Hard to believe St.Petersburg Paradox after doing Calculations

Question

A person tosses a fair coin until a tail appears for the first time. If the tail appears on the $n$th flip, the person wins $2^n$ dollars. Would you be willing to pay $1$ million for each game if you could play as long as you liked and only had to settle up when you stopped playing?

I thought about this question and ran a computer simulation, except with the entry fee being $100$ dollars each round and ran $100000000000$ rounds, and stopped if there was any profit. In almost each run, there seemed to be a net profit. However, I couldn't mathematically produce the same result.

I read the following quote: "But after a very long time, you will win so much money that is sufficient for you to pay off this large debt and still purchase the whole world. As @IanColey put it, this is because the chances of winning so much money are very, very tiny, but the payoffs associated with these very, very tiny probabilities are much, much, much more enormous than the probabilities are tiny.

I couldn't fathom that one single round would be able to earn so much money to pay off the debt that had been accumulating. So I tried making an equation for Money Earned - Money Spent. Money Spent = $1000000k$, where $k$ is the number of rounds played.

Expected Value[Number of Flips to get $a$ heads in a row] = $E_a =\frac{E_a+1}2+\frac{E_a+2}4+...+\frac{E_a+a}a+\frac a{2^a} = 2(2^a-1) $

Since tails is expected to occur on the second flip, the expected number of flips in $k$ rounds is $2k$. Now, we have $a = \log_2(E_a+2)-1$ and you win $2^{n+1}$ dollars in a round, where $n$ is the number of heads before the first tails. Therefore, you have the expected highest winning after $k$ rounds to be $2^{(\log_2(2k+2)-1)+1} = 2k+2$.

Therefore, after $k$ rounds, you would be expected to lose $9999998k -2$ dollars.

What am I doing wrong? I know a huge oversight in this math is to only account for the total gain for one (largest) flip. However, I made this assumption based on the above quote that after a while, you will win so much that you will pay off the large debt.

Answer 1

You're on the right track but you didn't account for the total winnings, only the highest. Try computing the ratio between the total winnings, and the highest winning for a particular round.
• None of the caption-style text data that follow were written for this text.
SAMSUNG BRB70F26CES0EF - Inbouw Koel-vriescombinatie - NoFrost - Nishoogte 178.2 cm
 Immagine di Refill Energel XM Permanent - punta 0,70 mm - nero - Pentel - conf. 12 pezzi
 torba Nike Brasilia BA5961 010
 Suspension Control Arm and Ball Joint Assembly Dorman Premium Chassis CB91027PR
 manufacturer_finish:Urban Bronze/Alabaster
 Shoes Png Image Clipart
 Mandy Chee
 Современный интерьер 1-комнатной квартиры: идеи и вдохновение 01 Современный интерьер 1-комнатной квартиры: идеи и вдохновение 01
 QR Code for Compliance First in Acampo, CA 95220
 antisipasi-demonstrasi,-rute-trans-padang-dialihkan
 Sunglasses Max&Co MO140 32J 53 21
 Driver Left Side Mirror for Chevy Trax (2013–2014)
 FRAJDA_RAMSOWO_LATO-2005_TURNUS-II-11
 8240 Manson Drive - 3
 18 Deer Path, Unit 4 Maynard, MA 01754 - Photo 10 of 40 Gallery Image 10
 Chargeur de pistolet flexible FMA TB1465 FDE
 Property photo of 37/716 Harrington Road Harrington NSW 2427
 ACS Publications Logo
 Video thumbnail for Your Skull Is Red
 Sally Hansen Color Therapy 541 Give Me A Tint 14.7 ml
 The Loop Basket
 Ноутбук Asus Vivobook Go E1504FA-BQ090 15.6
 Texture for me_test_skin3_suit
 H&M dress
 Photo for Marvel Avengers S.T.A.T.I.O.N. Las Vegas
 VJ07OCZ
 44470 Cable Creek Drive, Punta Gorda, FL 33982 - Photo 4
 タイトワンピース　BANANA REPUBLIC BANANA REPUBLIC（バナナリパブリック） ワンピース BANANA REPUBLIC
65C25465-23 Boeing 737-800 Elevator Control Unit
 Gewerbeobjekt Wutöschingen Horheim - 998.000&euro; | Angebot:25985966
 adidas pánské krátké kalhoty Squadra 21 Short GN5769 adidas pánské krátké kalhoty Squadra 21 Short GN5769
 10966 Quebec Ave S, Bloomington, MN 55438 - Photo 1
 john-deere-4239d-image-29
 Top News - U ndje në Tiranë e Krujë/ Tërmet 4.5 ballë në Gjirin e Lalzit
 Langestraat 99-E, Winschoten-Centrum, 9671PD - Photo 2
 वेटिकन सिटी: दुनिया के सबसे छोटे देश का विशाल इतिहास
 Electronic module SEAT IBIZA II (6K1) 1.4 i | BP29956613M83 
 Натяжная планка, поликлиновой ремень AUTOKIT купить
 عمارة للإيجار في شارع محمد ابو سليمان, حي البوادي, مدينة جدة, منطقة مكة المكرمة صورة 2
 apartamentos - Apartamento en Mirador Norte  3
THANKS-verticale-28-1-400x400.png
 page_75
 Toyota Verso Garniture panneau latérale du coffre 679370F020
As $k\to \infty$, this ratio becomes greater than $\log_2(k)$. As such, your Expected Profit is at least $(2k+2)(\log_2(k)) - 1000000k$.

Answer 2

Half the time, tails happens first, you receive $\$2$, which averages out to $\$1$ per game.
A quarter of the time, tails happens second, you receive $\$4$, which averages out to another $\$1$ per game.
You get another dollar per game from the times tails is third, and fourth, and so on.
Your $100000000000$ games is around $2^{37}$, so the first $\$37$ per game is likely to appear. Any more than $37$ is a bit hit and miss. Try charging $\$30$ per game, you are likely to see a profit over $100000000000$ games.